## WORK REQUIRED
Pictures aside, reproduce exactly and only the lines from the one containing "Classy Beachfront Home" through the end of the records.

## Captioned web image data
□ □ □

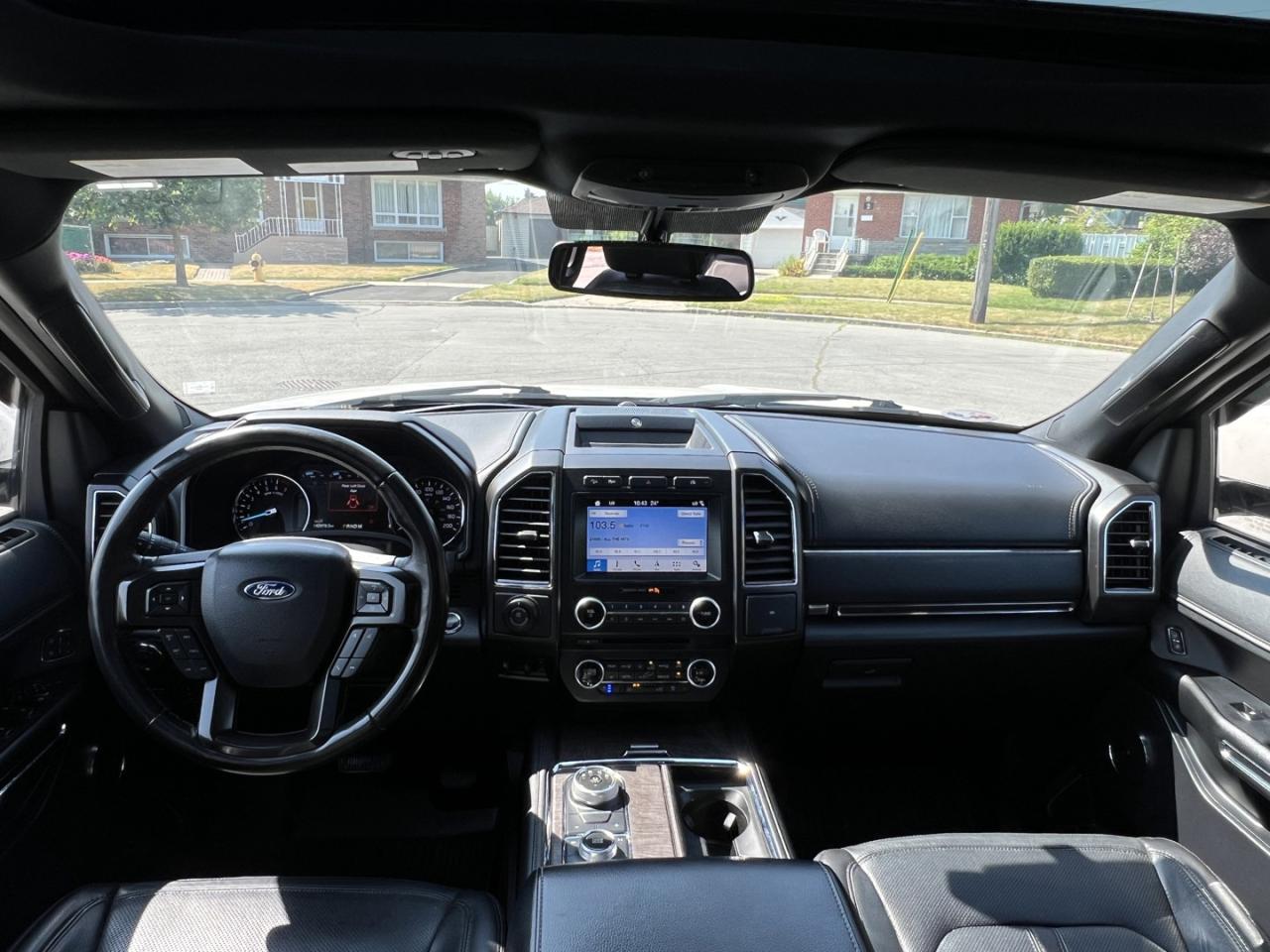 2018 Ford Expedition Limited 4WD - Photo #15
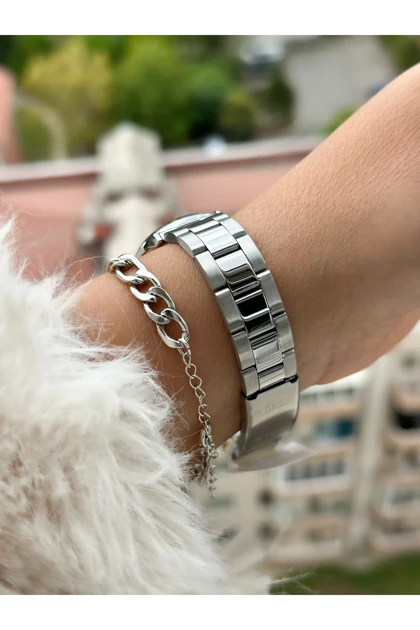 ساعت زنانه qandq qandq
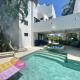 Classy Beachfront Home with Private Pool - Hermosa Palms 110 Playa Hermosa - Foto 3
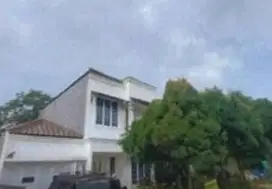 dijual rumah murah di bukit nirwana regency, bogor selatan, bogor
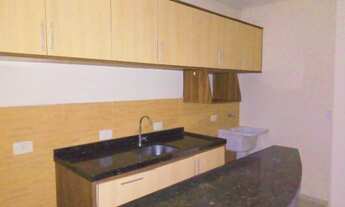 Imagem 7: Apartamento Para Locação no Bairro São Francisco - Curitiba/PR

□ □ □

## TASK RESPONSE
 Classy Beachfront Home with Private Pool - Hermosa Palms 110 Playa Hermosa - Foto 3
 dijual rumah murah di bukit nirwana regency, bogor selatan, bogor
 Imagem 7: Apartamento Para Locação no Bairro São Francisco - Curitiba/PR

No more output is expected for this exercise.